Studio album by Mack 10
- Released: June 20, 1995
- Recorded: 1994–1995
- Genre: West Coast hip-hop; gangsta rap; G-funk;
- Length: 47:53
- Label: Priority
- Producer: Ice Cube; the 88X Unit; Crazy Toones; Dr. Jam; Madness 4 Real;

Mack 10 chronology
|  | Mack 10 (1995) | Based on a True Story (1997) |

Singles from Mack 10
- "Foe Life" Released: April 29, 1995; "On Them Thangs" Released: July 22, 1995; "Westside Slaughterhouse" Released: December 16, 1995;

= Mack 10 (album) =

Mack 10 is the debut solo studio album by American rapper Mack 10. It was released on June 20, 1995, via Priority Records. The album was produced by Ice Cube, the 88X Unit, Dr. Jam, Madness 4 Real, and Crazy Toones. It features guest appearances from Ice Cube, WC, and K-Dee.
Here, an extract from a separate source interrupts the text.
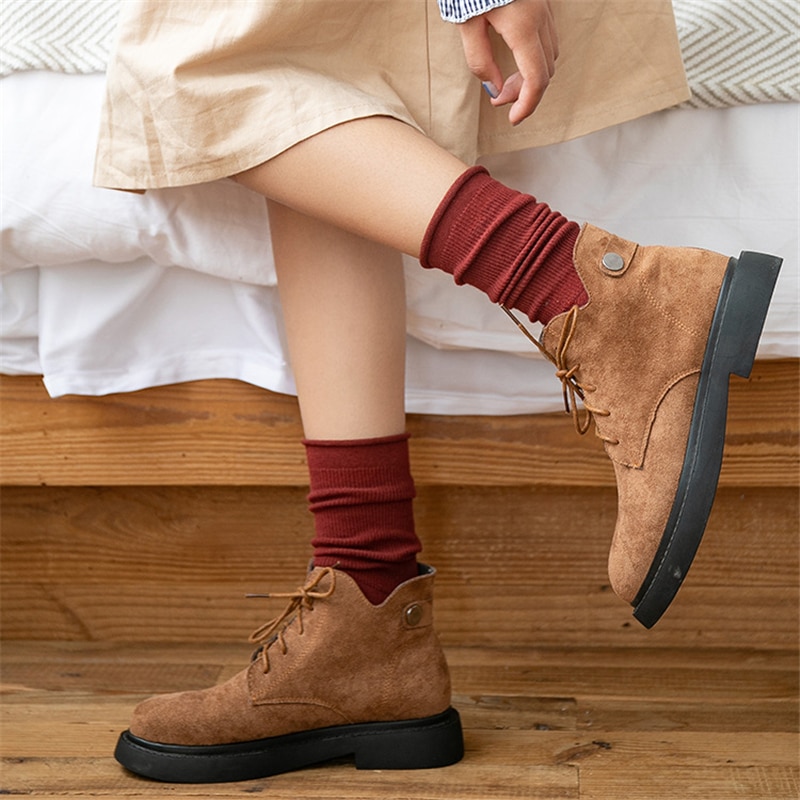 CHAOZHU Solid Colors Women Lady Daily Loose Socks Socky-Wockies Japanese Girls Long Crew Rib Cotton Causal Sock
The album peaked at number 33 on the Billboard 200 and went Gold by the Recording Industry Association of America on September 12, 1995. The song "Foe Life" was used in the 1997 film Anaconda, starring producer Ice Cube.

==Critical reception==

The Chicago Tribune noted that Mack 10's "crime is that his rhymes do little to elucidate the pathos of living with violence as a viable—if not necessary—option... Although Mack 10 has his mentor's sneer and a funkier sound, he has little of Cube's vitality."

Professional ratings
Review scores
| Source | Rating |
| AllMusic | Star |
| Chicago Tribune | Star Half star |
| RapReviews | 7.5/10 |

==Track listing==

- Sample credits
- Track 4 contains an interpolation of "Mary Jane" written and performed by Rick James
- Track 7 contains a sample from "Remind Me" written and performed by Patrice Rushen
- Track 10 contains samples from "Devotion" written by Maurice White & Philip Bailey and performed by Earth, Wind & Fire, and "Flashlight" written by George Clinton, William Collins & Bernie Worrell and performed by Parliament
- Track 12 contains a sample from "A.J. Scratch" written and performed by Kurtis Blow
- Track 13 contains an interpolation of "Devotion" written by Maurice White & Philip Bailey and performed by Earth, Wind & Fire

| No. | Title | Writer(s) | Producer(s) | Length |
|---|---|---|---|---|
| 1. | "Mickey D's Lick" (Intro) |  |  | 0:51 |
| 2. | "Foe Life" | Mack 10; Ice Cube; | Ice Cube | 4:14 |
| 3. | "Wanted Dead" | Mack 10 | Ice Cube | 3:57 |
| 4. | "On Them Thangs" | Mack 10 | The 88X Unit | 5:07 |
| 5. | "Pigeon Coup" |  |  | 0:31 |
| 6. | "Chicken Hawk" | Mack 10 | Dr. Jam | 4:23 |
| 7. | "Here Comes the G" | Mack 10 | Crazy Toones | 4:12 |
| 8. | "Westside Slaughterhouse" (featuring WC and Ice Cube) | Mack 10; Ice Cube; WC; | Madness 4 Real | 4:58 |
| 9. | "Niggas Dog Scraping" |  |  | 0:34 |
| 10. | "Armed & Dangerous" | Mack 10 | Ice Cube | 3:08 |
| 11. | "H-O-E-K" (featuring K-Dee) | Mack 10; K-Dee; | Ice Cube | 3:38 |
| 12. | "10 Million Ways" | Mack 10 | Ice Cube | 4:22 |
| 13. | "Mozi-Wozi" | Ice Cube | Ice Cube | 4:39 |
| 14. | "Mack 10's the Name" | Mack 10 | The 88X Unit | 3:19 |
| Total length: |  |  |  | 47:53 |

==Charts==

===Weekly charts===

| Chart (1995) | Peak position |
|---|---|
| US Billboard 200 | 33 |
| US Top R&B/Hip-Hop Albums (Billboard) | 2 |

===Year-end charts===

| Chart (1995) | Position |
|---|---|
| US Top R&B/Hip-Hop Albums (Billboard) | 46 |

==Certifications==

| Region | Certification | Certified units/sales |
| United States (RIAA) | Gold | 500,000^{^} |
^{^} Shipments figures based on certification alone.